# weak solutions versus classical solutions

Let $\Omega$ be an open subset with compact closure of a Riemannian manifold $M$. Let $u \in H^1_{0}(\Omega)$ be a weak solution of the Dirichlet boundary problem:

$$-\Delta u + qu = f \; \; \textrm{in} \; \Omega \; \; \; (1)$$

$$u|_{\partial\Omega}=0$$

In other words $u$ satisfies the following equality for every $\psi \in C^{\infty}_{0}(\Omega)$

$$\int_{\Omega} \langle \nabla u,\nabla \psi \rangle + q u \psi = \int_{\Omega} f\psi \; \; \; (2)$$

Now from standard regularity results if $q,f \in C^{\infty}(M)$ then $u \in C^{\infty}(\Omega)$ but in general $u \notin C^{\infty}(\overline{\Omega})$. If $\partial \Omega$ is smooth then $u \in C^{\infty}(\overline{\Omega})$ (and since $u \in H^1_{0}(\Omega)$ we have in particular that $u \in C^{\infty}_{0}(\overline{\Omega})$ ) and by an integration by parts on (2) we can recover that u in actually a classical solution of (1) (in other words $u$ satisfies equation (1) pointwise).

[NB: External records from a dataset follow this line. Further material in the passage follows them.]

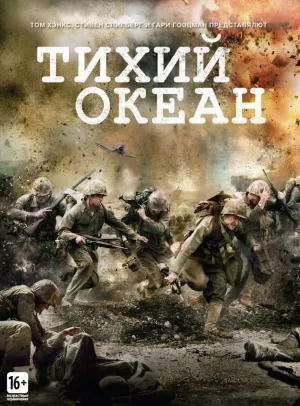 Тихий океан (сериал 2010)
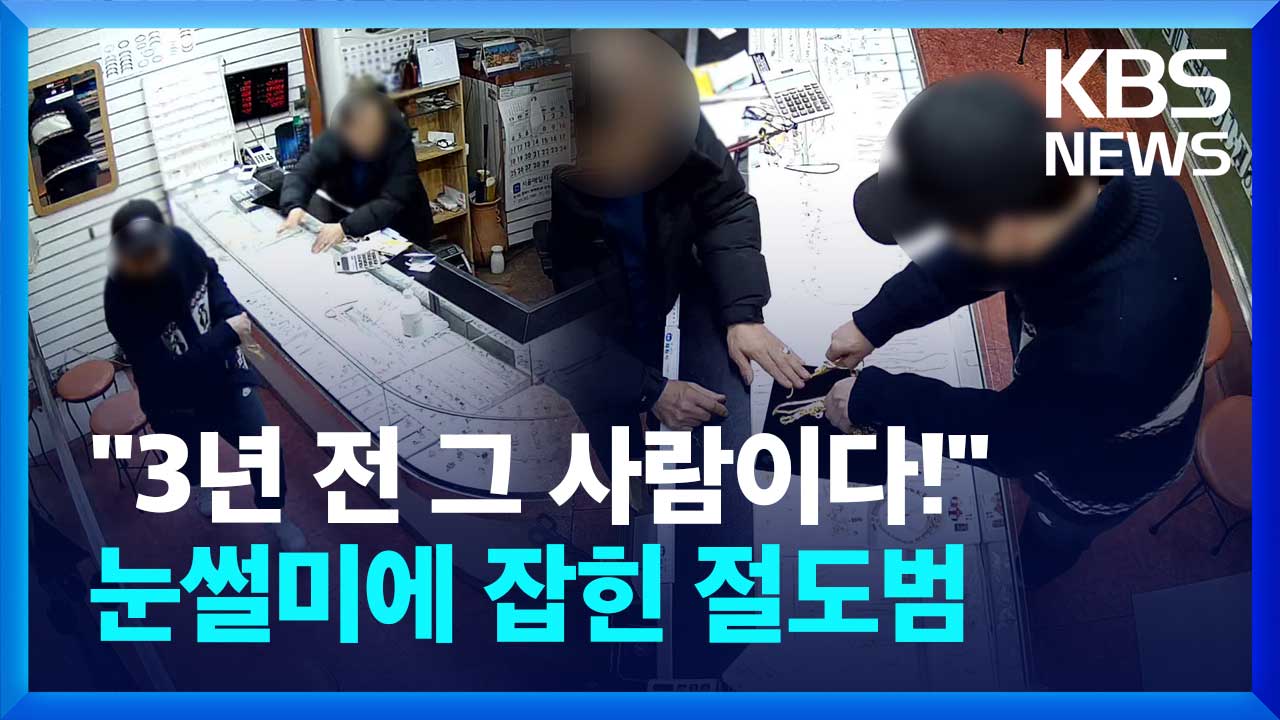 ‘금목걸이 들고 후다닥 뛴 절도범’…경찰 눈썰미에 잡혔다!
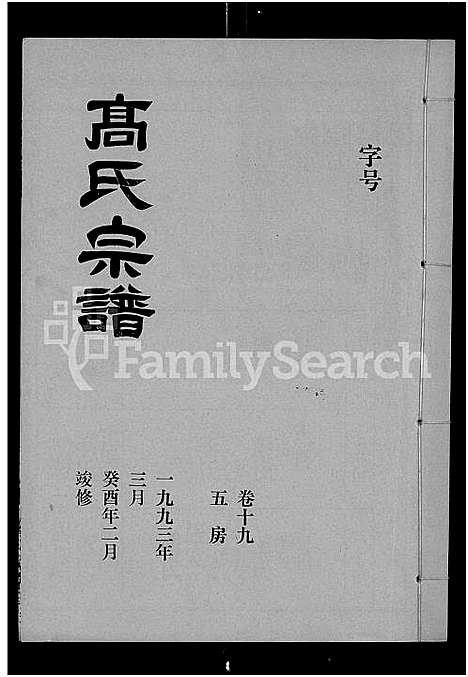 [下载][高氏宗谱_22卷_含卷首]湖北.高氏家谱_十八.pdf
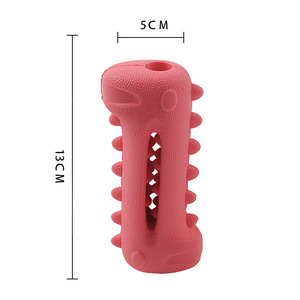 <b>Pet</b> Puppy Dog Leaky Food <b>Toys</b> Resistant Wear-resistant Teeth Cleaning <b>Interactive</b> Training Cross-border Explosive Supplies - Product Image 2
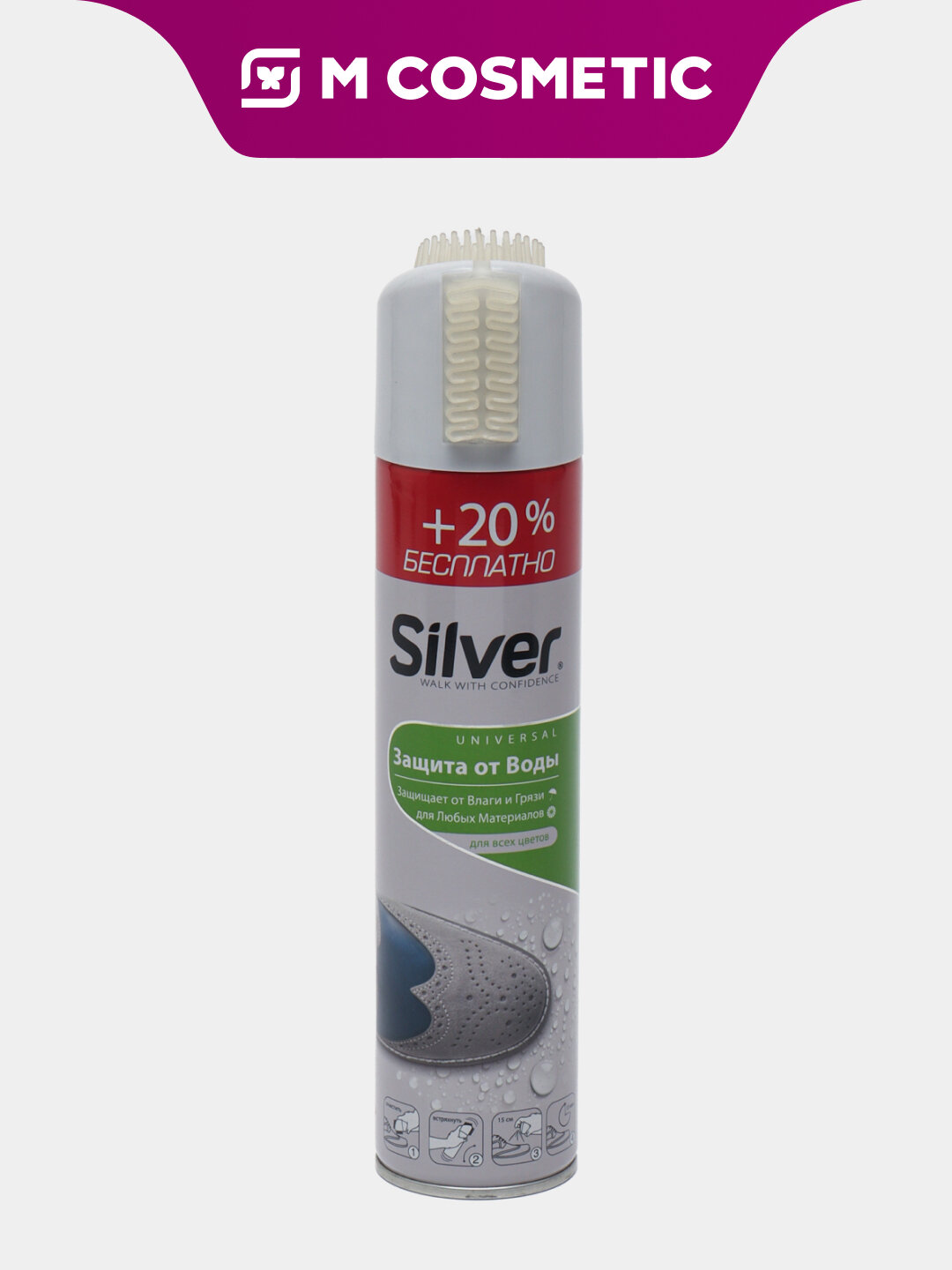 Пропитка Silver Universal, защита от воды, бесцветная, 250 мл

But for a general $\partial \Omega$ we have that $u$ can have singularities on the boundary and we cannot apply the integration by parts. So i'm asking if it is true that in this case $u$ is a classical solution of (1). Is it? The question seems me interesting since in this case we know that $u \in C^{\infty}(\Omega)$.

Thanks

• I think that the test space must be $C_0^\infty(\Omega)$. – Tomás Jul 4 '13 at 17:51
• What is your definition of classical solution? – Tomás Jul 4 '13 at 18:34
• Yes you're right. I'hve corrected the mistake. – user55449 Jul 5 '13 at 8:08
• I've edited the answer. I hope that now it is more clear. – user55449 Jul 5 '13 at 8:16

## 1 Answer

Assume that $u\in C^{\infty}(\Omega)$. Consider any open set $U\subset\Omega$ such that $\overline{U}\subset\Omega$ and $U$ has nice boundary. We have that $$\int_U\nabla u\nabla\psi+\int qu\psi=\int f\psi,\ \forall\ \psi\in C_0^\infty(U)$$

In particular, by appying Green formula, we get that $$\int\left(-\Delta u+qu-f\right)\cdot\psi=0,\ \forall\ \psi\in C_0^\infty(U)$$

The last equality implies that $-\Delta u(x)+q(x)u(x)=f(x)$ for all $x\in U$. For each fixed point $x\in \Omega$, we take $U=B_r(x)$ where $r>0$ is choosen in such a way that $\overline{B_r(x)}\subset\Omega$. we concude from the previous argument that $$-\Delta u(x)+q(x)u(x)=f(x),\ \forall\ x\in\Omega$$

To conclude, we have to prove that $u(x)=0$ in $\partial \Omega$. But to this happens, we need some regularity on the boundary of $\Omega$, for example, $\partial\Omega\in C^{0,1}$ is sufficient to conclude that $u\in C(\overline {\Omega})$. Indeed, the fact that $f\in C(\overline{\Omega})$ implies that $f\in L^p(\Omega)$ for all $p\in (1,\infty)$, therefore, $u\in W^{1,p}(\Omega)$ for all $p>1$. In particular, by using Sobolev embedding, we can conclude that $u\in C(\overline{\Omega})$, which would implies by the trace theorem that $u(x)=0$ in the boundary.